### What is required
Skip any image you find and restate the rest of the data word for word.

Available data Start Marker

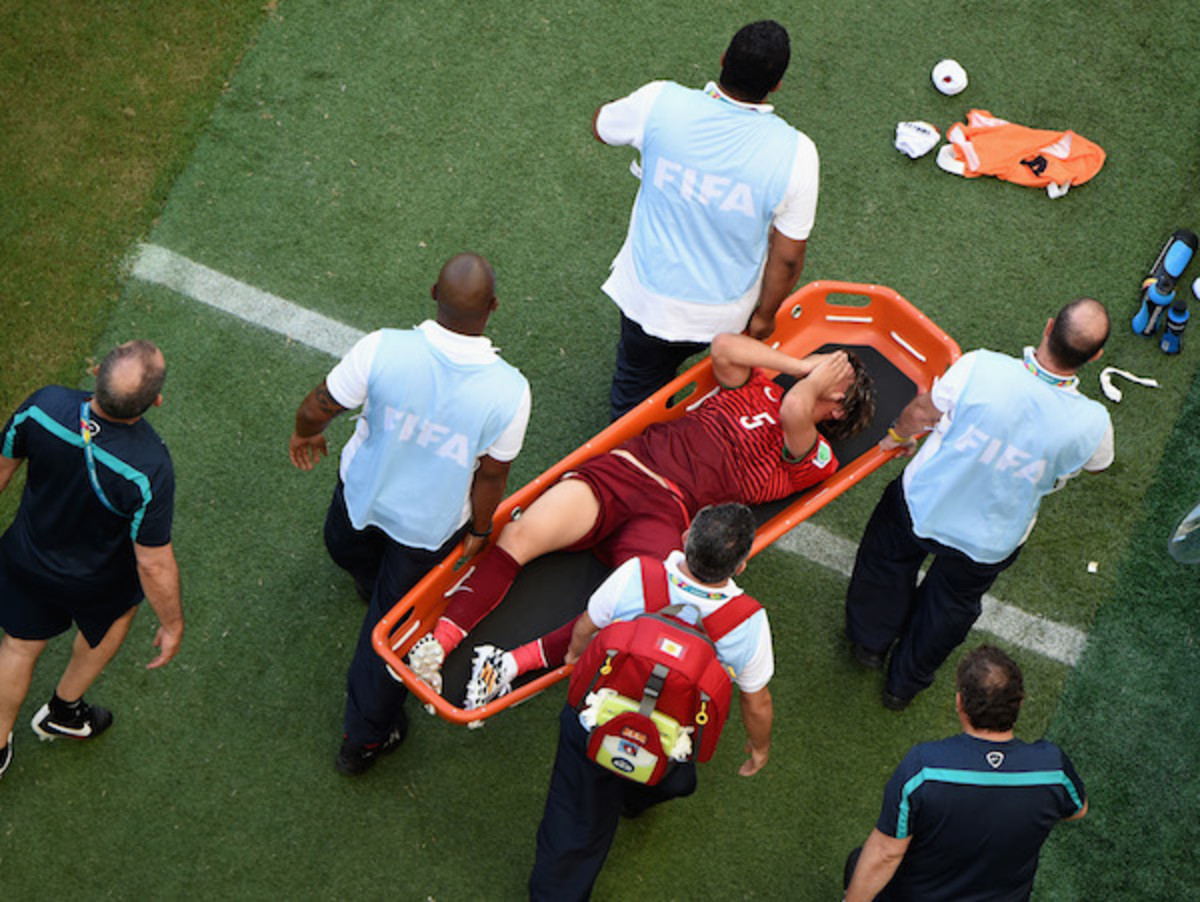 Fabio Coentrao left yesterday's game on stretcher and fears he is done for the tournament. (Getty)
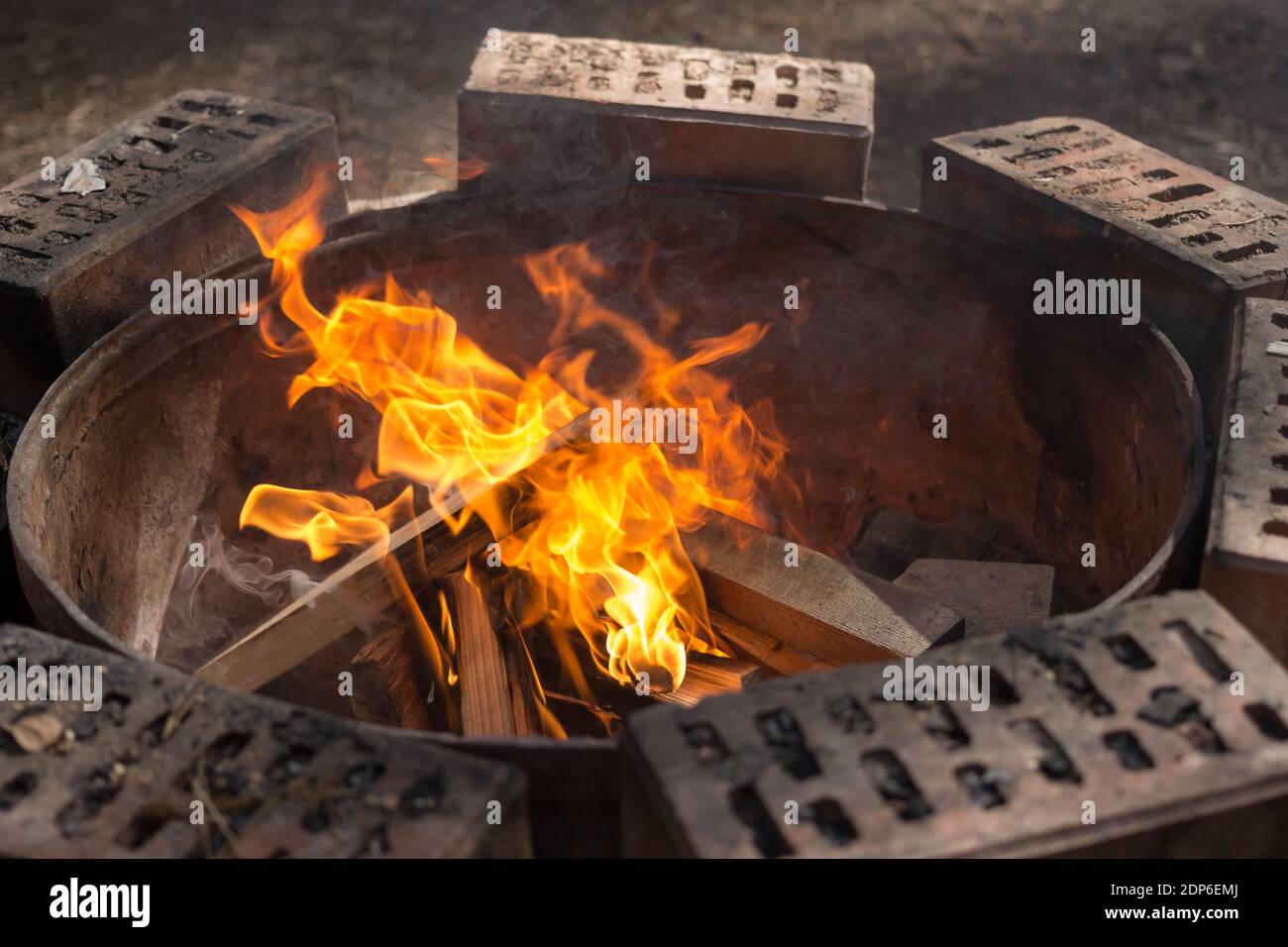 Burning fire on a round brick fireplace. Stock Photo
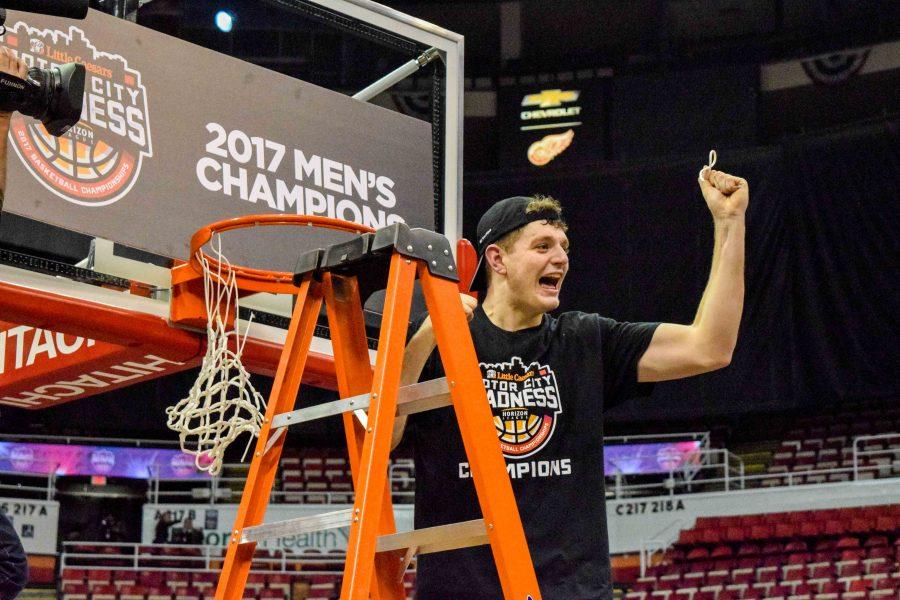 Drew McDonald celebrates after cutting down a portion of the net Tuesday night.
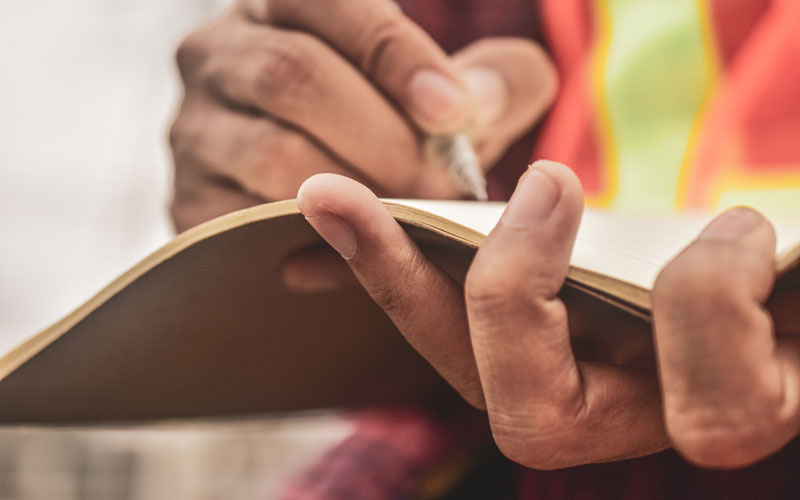 A persons hands on a notebook conducting a survet and recording notes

Available data End Marker

### Solution to this task
 Fabio Coentrao left yesterday's game on stretcher and fears he is done for the tournament. (Getty)
 Burning fire on a round brick fireplace. Stock Photo
 Drew McDonald celebrates after cutting down a portion of the net Tuesday night.
 A persons hands on a notebook conducting a survet and recording notes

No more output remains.